== SUPPLIED MATERIAL ==
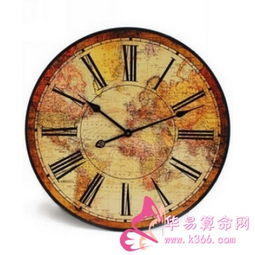 2．时钟异常停摆——时间阻滞之象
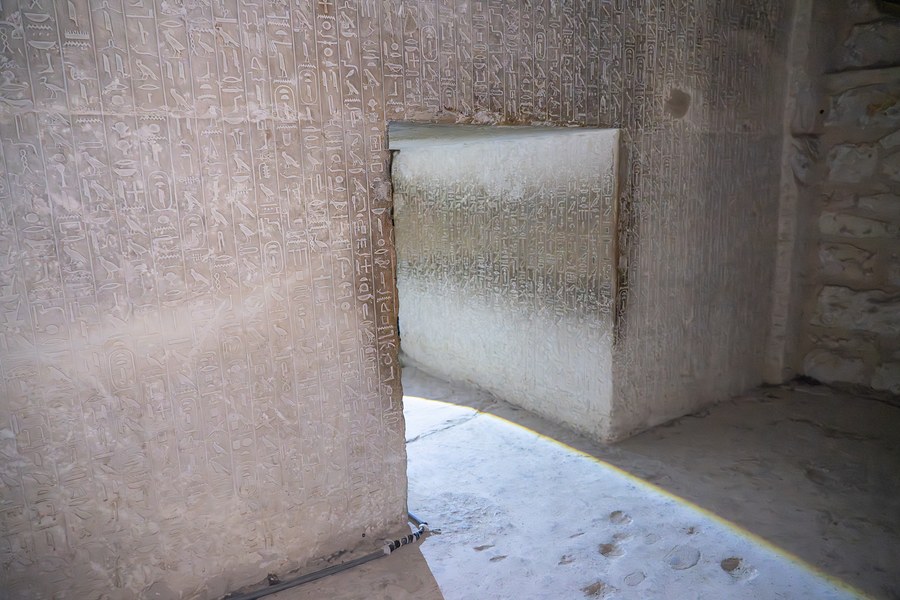 Egypt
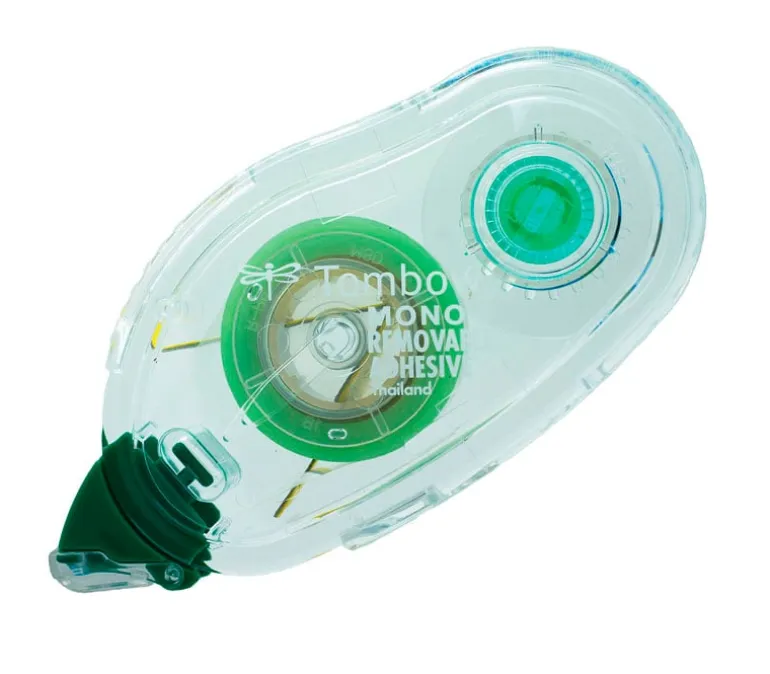 Tombow MONO Adhesive Tape Runner – Removable Refill
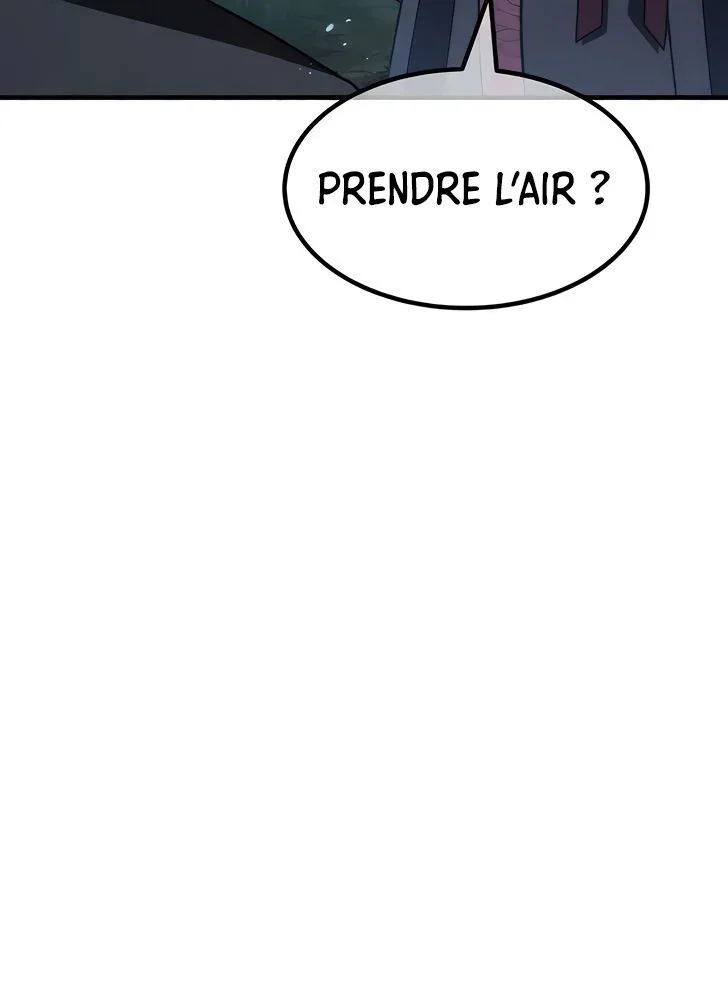 Murim's Debt King Chapitre 4 - Page 45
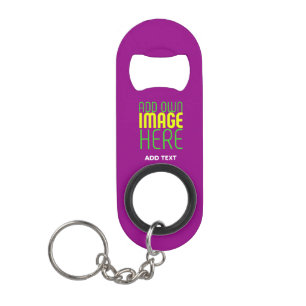 MODERNE BEWERKBARE EENVOUDIGE PAARSE AFBEELDING TE MINI FLESSENOPENER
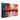 Urban Spectrum Walk Canvas Wrap / 30 x 20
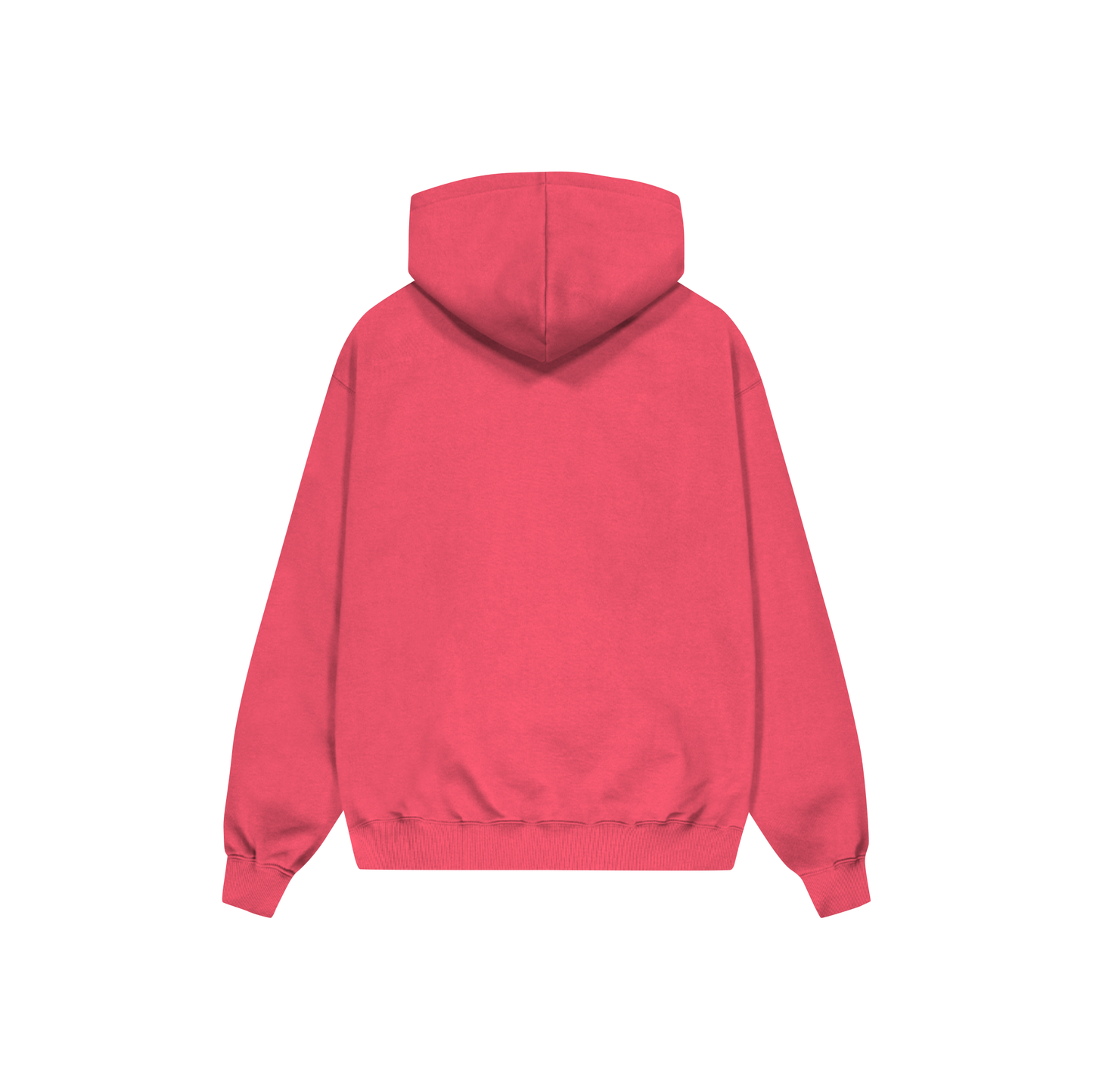Pink Lemonade Trust God Hoodie V1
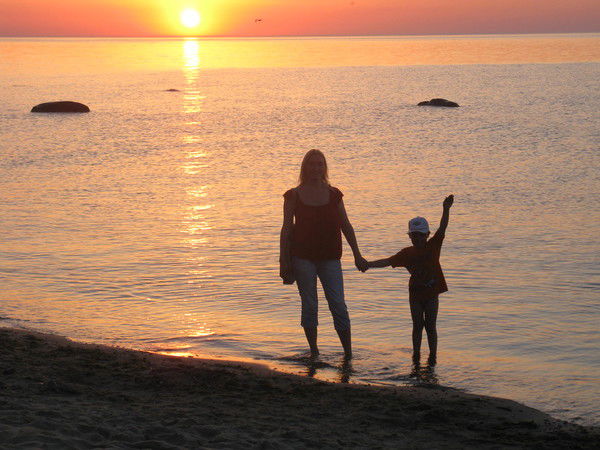 Света Васёха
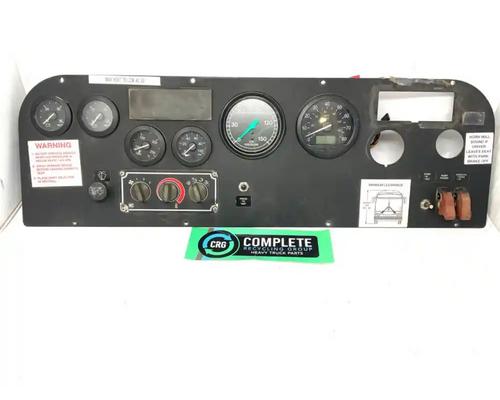  Other Other Instrument Cluster #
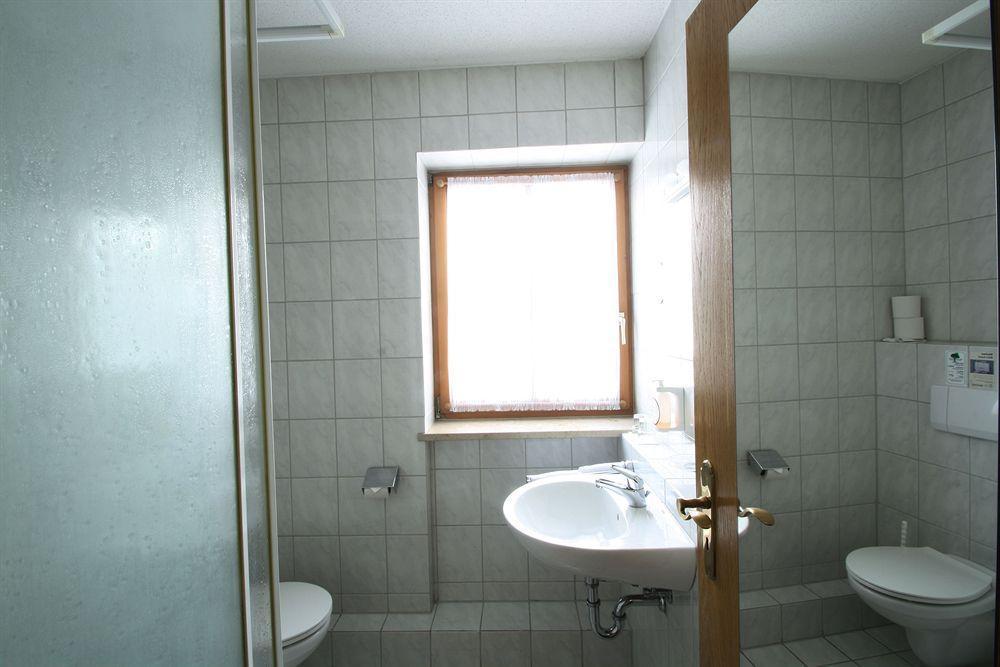 Hotel Ahornhof Lindberg Eksteriør billede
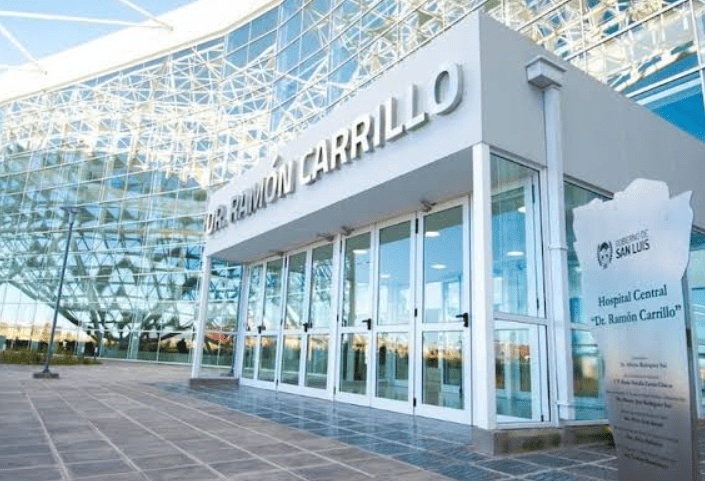 Un joven de 19 años resultó herido tras recibir un disparo en el barrio La Vecindad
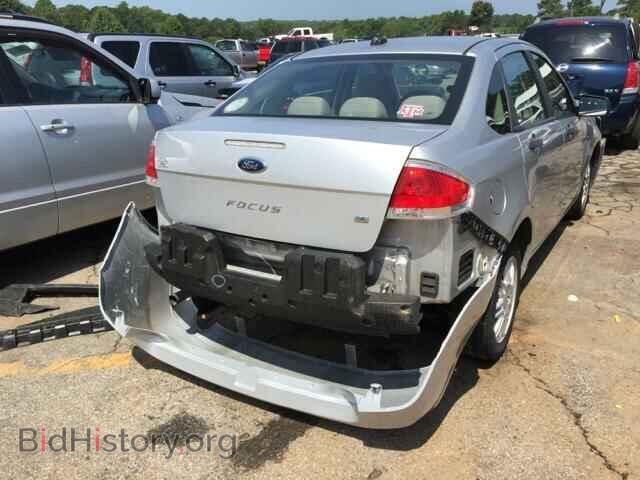 2010 FORD FOCUS - VIN: 1FAHP3FN4AW286121 - Фото 4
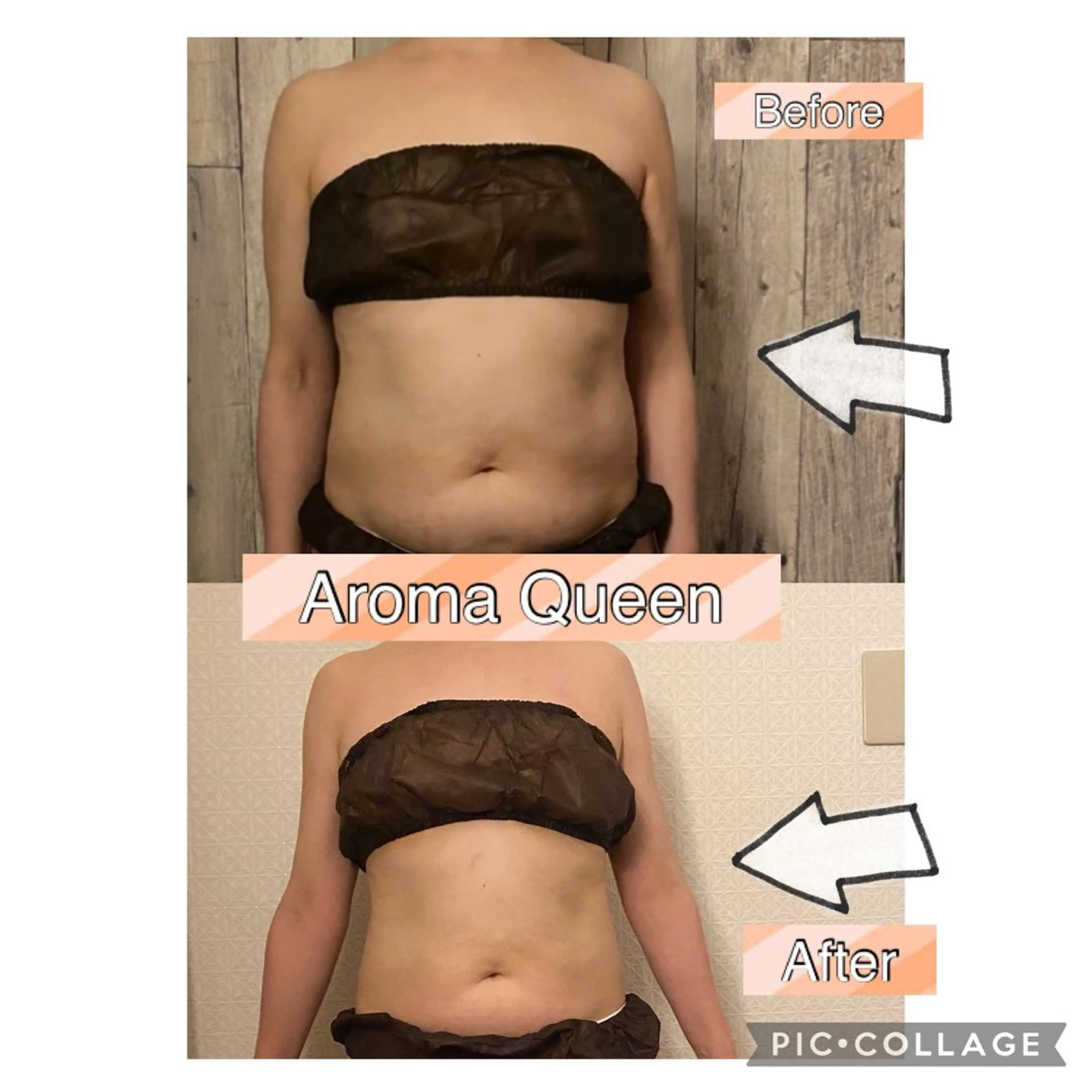 アロマクイーン所属・所沢痩身小顔コルギ AromaQueenのエステ・リラクイメージ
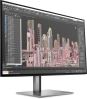 HP Z27u G3 27" 2560 x 1440 pixels 2K Ultra HD LED Black3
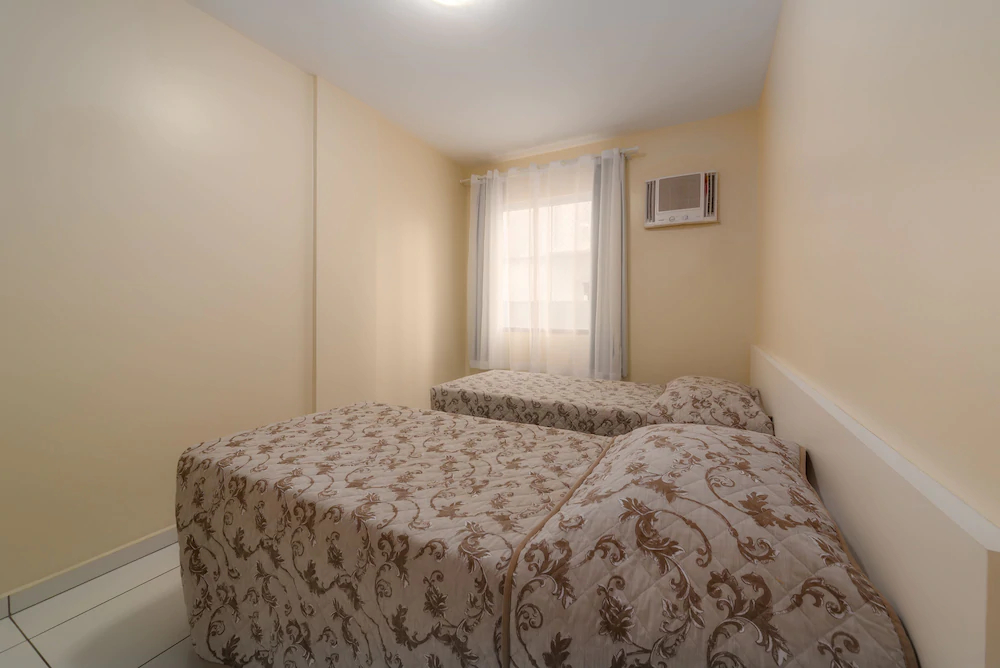 Residencial Dona Naime
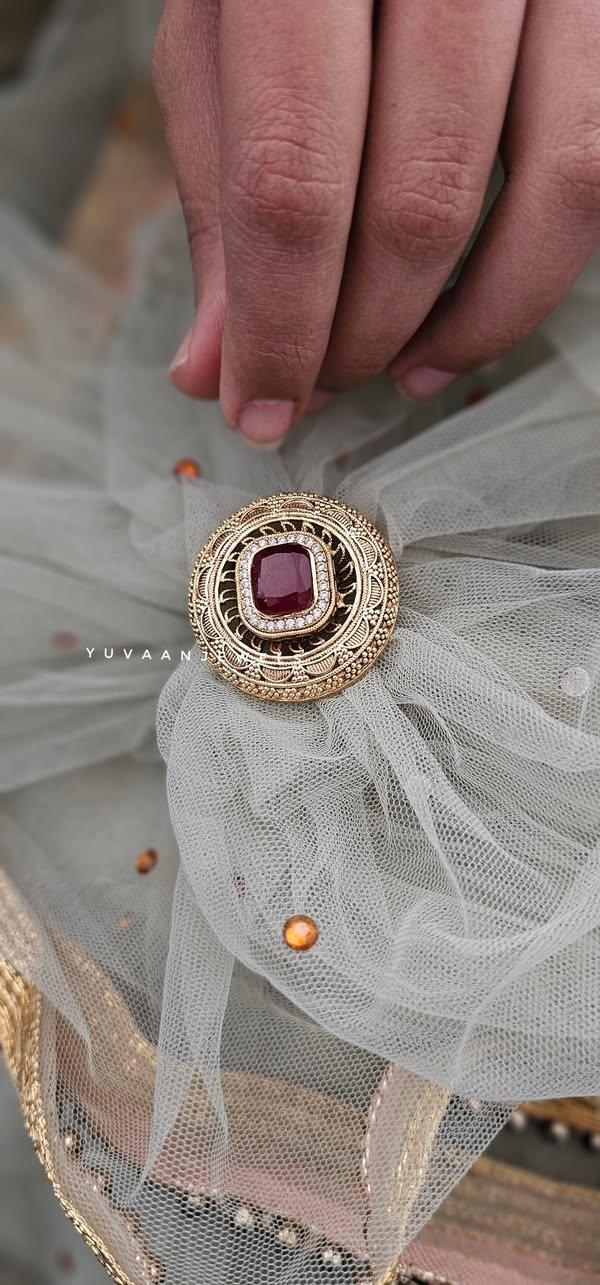 Izar polki ring Thumbnail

== WORK INSTRUCTION ==
Where a record holds a picture, skip the picture and copy everything else exactly.

== TASK SOLUTION ==
 2．时钟异常停摆——时间阻滞之象
 Egypt
 Tombow MONO Adhesive Tape Runner – Removable Refill
 Murim's Debt King Chapitre 4 - Page 45
 MODERNE BEWERKBARE EENVOUDIGE PAARSE AFBEELDING TE MINI FLESSENOPENER
 Urban Spectrum Walk Canvas Wrap / 30 x 20
Pink Lemonade Trust God Hoodie V1
 Света Васёха
  Other Other Instrument Cluster #
 Hotel Ahornhof Lindberg Eksteriør billede
 Un joven de 19 años resultó herido tras recibir un disparo en el barrio La Vecindad
 2010 FORD FOCUS - VIN: 1FAHP3FN4AW286121 - Фото 4
 アロマクイーン所属・所沢痩身小顔コルギ AromaQueenのエステ・リラクイメージ
 HP Z27u G3 27" 2560 x 1440 pixels 2K Ultra HD LED Black3
 Residencial Dona Naime
 Izar polki ring Thumbnail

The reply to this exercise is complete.